Records shown —
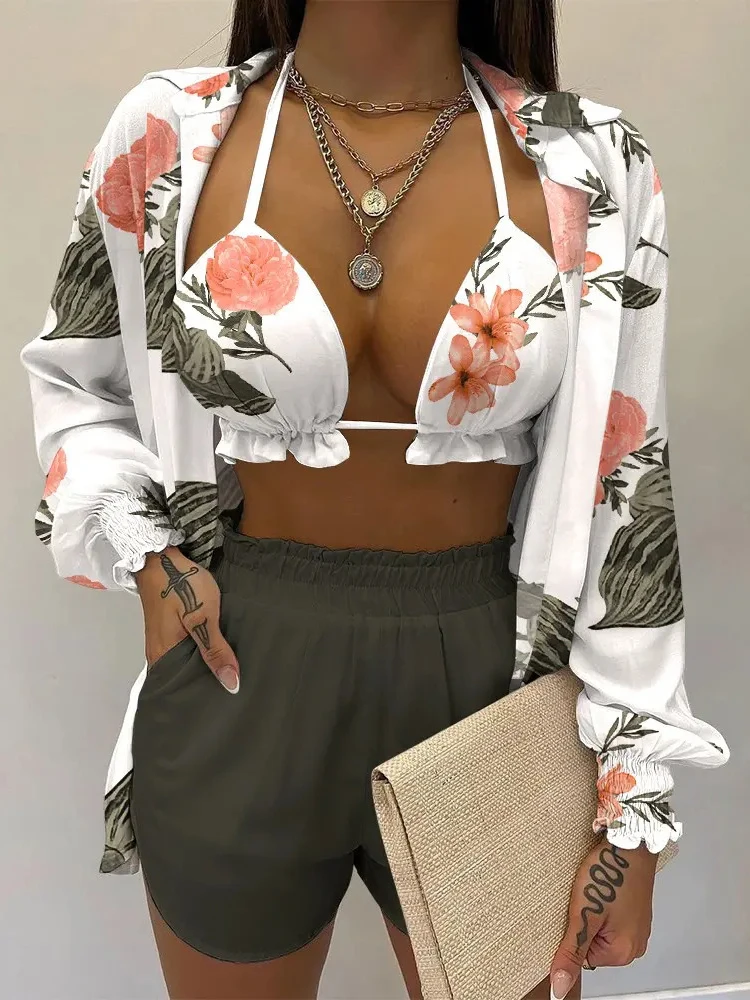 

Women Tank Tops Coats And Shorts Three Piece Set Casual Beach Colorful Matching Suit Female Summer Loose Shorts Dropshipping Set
--
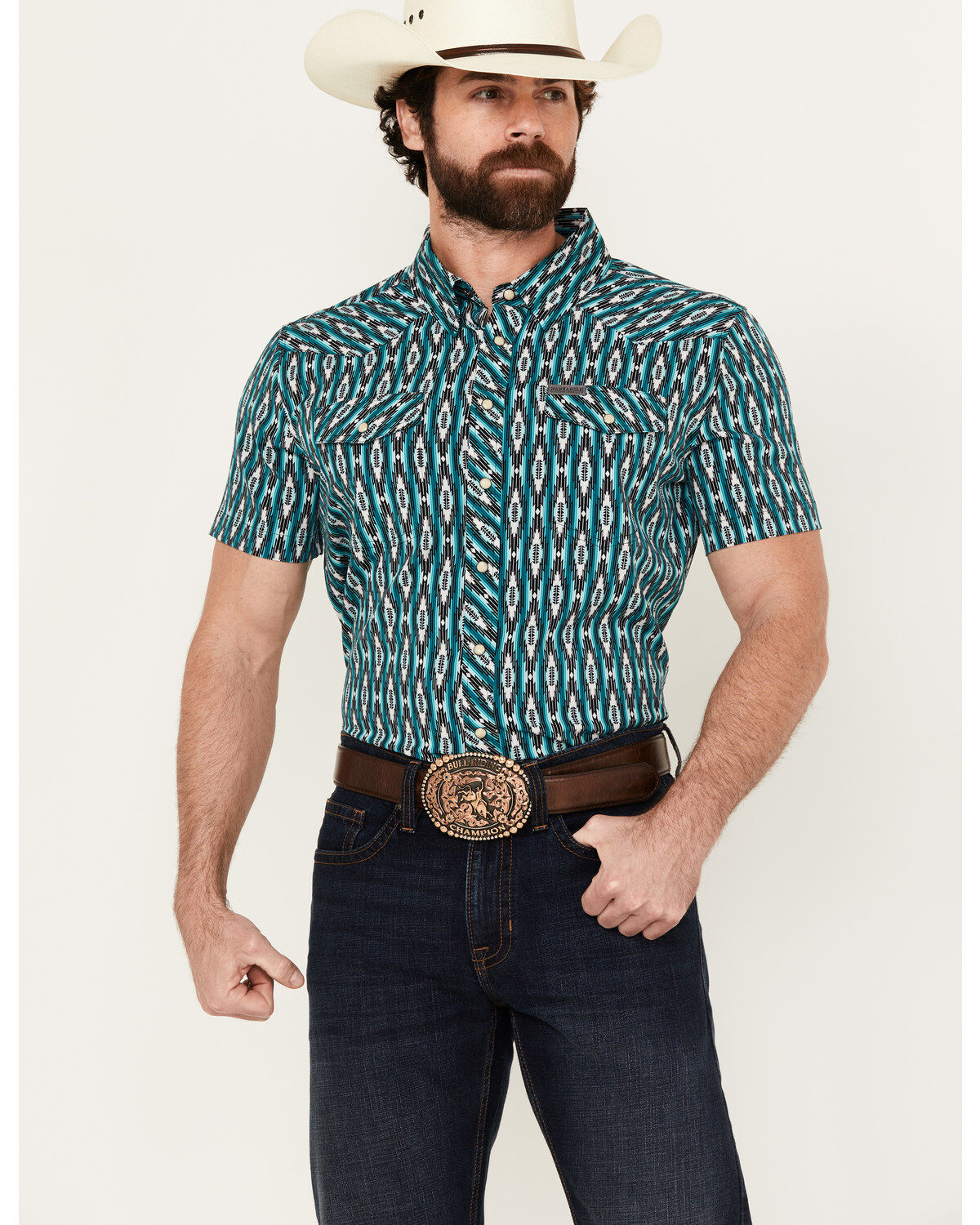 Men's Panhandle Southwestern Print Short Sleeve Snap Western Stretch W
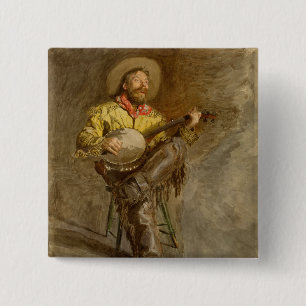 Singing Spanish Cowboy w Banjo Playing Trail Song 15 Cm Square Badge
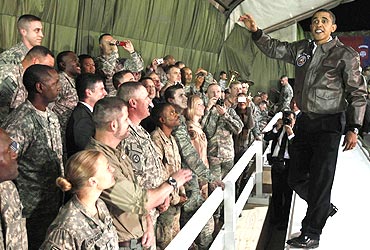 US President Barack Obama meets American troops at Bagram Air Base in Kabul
...
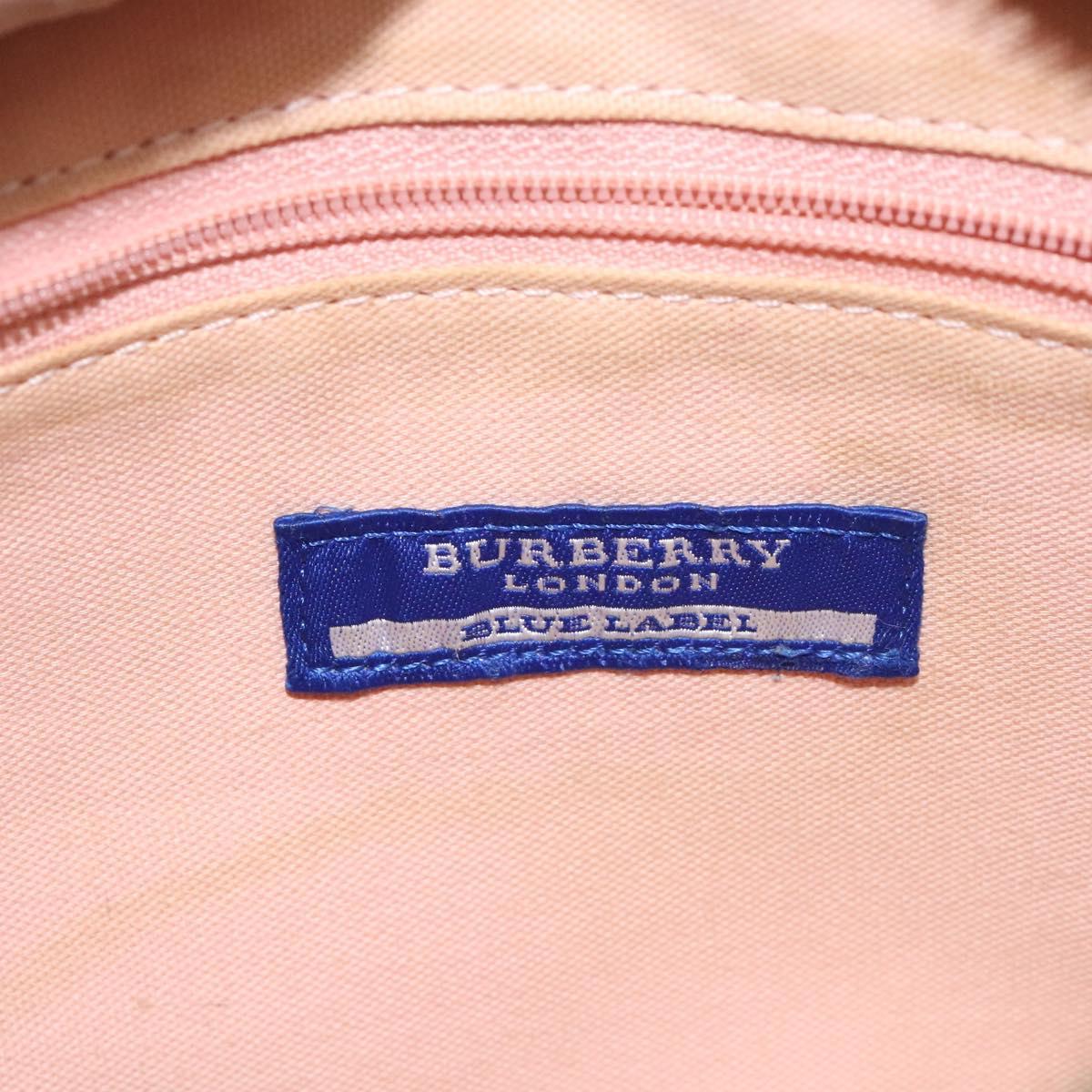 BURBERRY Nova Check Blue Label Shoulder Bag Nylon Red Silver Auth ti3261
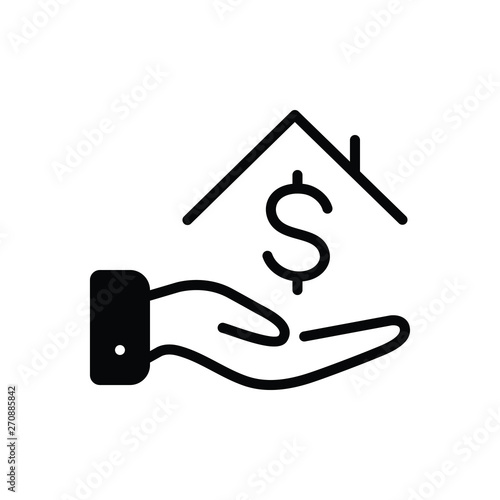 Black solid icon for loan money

What you need to do — Excerpt from the records above: set down only the lines from the one that contains "Men's Panhandle Southwestern" through the one that contains "US President Barack", inclusive, word for word. Pictures stay out.

Task result —
 Men's Panhandle Southwestern Print Short Sleeve Snap Western Stretch W
 Singing Spanish Cowboy w Banjo Playing Trail Song 15 Cm Square Badge
 US President Barack Obama meets American troops at Bagram Air Base in Kabul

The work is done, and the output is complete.